The Christchurch Call is a charitable foundation which began as the Christchurch Call to Action Summit, a political summit initiated by then New Zealand Prime Minister Jacinda Ardern that took place on 15 May 2019 in Paris, France, two months after the Christchurch mosque shootings of 15 March 2019. Co-chaired by Ardern and President Emmanuel Macron of France, the summit aimed to "bring together countries and tech companies in an attempt to bring to an end the ability to use social media to organise and promote terrorism and violent extremism". World leaders and technology companies pledged to "eliminate terrorist and violent extremist content online"; 17 countries originally signed the non-binding agreement, with another 31 countries following suit on 24 September the same year. The pledge consists of three sections or commitments: one for governments, one for online service providers, and one for the ways in which the two can work together.

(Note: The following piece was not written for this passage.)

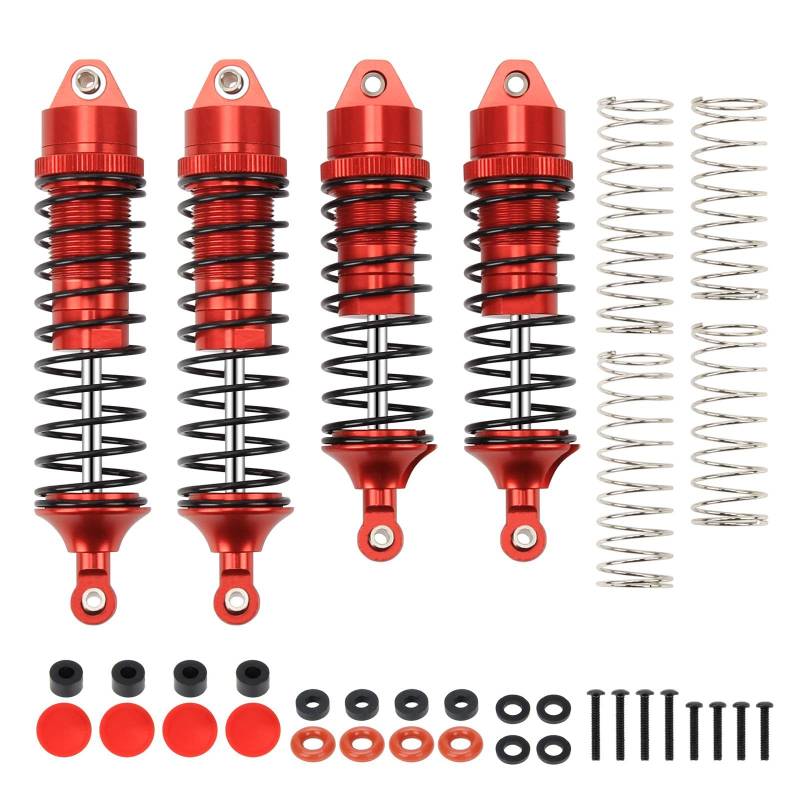 RACWD RC Stoßdämpfer für 1/10 ARRMA 3S VORTEKS 4X4 BLX Upgrades Teile #ARA4305V3, vorne hinten RC Stoßdämpfer 110 mm 90 mm, Aluminium-Hop Ups für #ARA330722, #ARA330723 (Rot) von RCAWD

In May 2024, the New Zealand and French Governments agreed to the creation of a new charity called the Christchurch Call Foundation to continue the work of the Christchurch Call.

==Signatories==
Among the signatories to the pledge are the European Commission, Council of Europe, UNESCO, and the governments of the following countries:

- Argentina
- Australia
- Austria
- Belgium
- Bulgaria
- Canada
- Chile
- Colombia
- Croatia
- Cyprus
- Czech Republic
- Denmark
- Estonia
- Finland
- France
- Georgia
- Germany
- Ghana
- Greece
- Hungary
- Iceland
- Indonesia
- India
- Ireland
- Italy
- Ivory Coast
- Japan
- Jordan
- Kenya
- Republic of Korea
- Latvia
- Lithuania
- Luxembourg
- Maldives
- Malta
- Mexico
- Mongolia
- The Netherlands
- New Zealand
- Norway
- Peru
- Poland
- Portugal
- Romania
- Senegal
- Slovakia
- Slovenia
- Spain
- Sri Lanka
- Sweden
- Switzerland
- Tunisia
- United Kingdom
- United States

The following online service providers, as part of the Global Internet Forum to Counter Terrorism (GIFCT) consortium, also signed the pledge:

- Amazon
- Dailymotion
- Facebook
- Google
- Microsoft
- Qwant
- Twitter
- YouTube

The United States, under (Republican) President Trump, declined to attend in 2019, expressing concerns that US compliance with the agreement could create conflicts with free-speech protections in the country's Constitution; the United States however did support the summit's "overarching message" and "endorsed its overall goals". On 7 May 2021, White House press secretary Jen Psaki announced that the United States, under (Democratic) President Biden, would be joining the Christchurch Call and participate in a virtual summit on 14 May 2021.

==Status history==
On 4 April 2023, New Zealand Prime Minister Chris Hipkins appointed Ardern as Special Envoy for the Christchurch Call. Ardern will serve in the role in a voluntary capacity and report to Hipkins.

On 14 May 2024, New Zealand Prime Minister Christopher Luxon and French President Emmanuel Macron agreed that the Christchurch Call would continue as a charity rather than a part of NZ Department of the Prime Minister and Cabinet. The two leaders announced the creation of a new non governmental organisation called the Christchurch Call Foundation, to coordinate the Christchurch Call's "work to eliminate terrorist and violent extremist content online."

==Commentary==
Bryan Keogh wrote in The Conversation that the summit "has made excellent progress as a first step to change, but we need to take this opportunity to push for systemic change in what has been a serious, long-term problem." InternetNZ CEO Jordan Carter called the summit "a vital first step" to addressing terrorism and violent extremism online, saying that it was "important that governments and online service providers have come together on this issue, to agree real, actionable changes." Jillian York of the Electronic Frontier Foundation praised the Call for asking companies to provide greater transparency regarding its moderation practices, while expressing concerns about how terms such as "terrorism" and "violent extremism" are defined by various governments.

Tom Rogan argued in the Washington Examiner that the Call's goal for governments to work with companies to stop "violent extremist content" would breach Americans' First Amendment rights, using war footage on YouTube as an example of content that could be blocked under this agreement. Nick Gillespie of Reason criticized the summit, writing that "it should be deeply worrying to anyone who believes in free expression that governments and corporations are openly working together to decide what is and is not acceptable speech."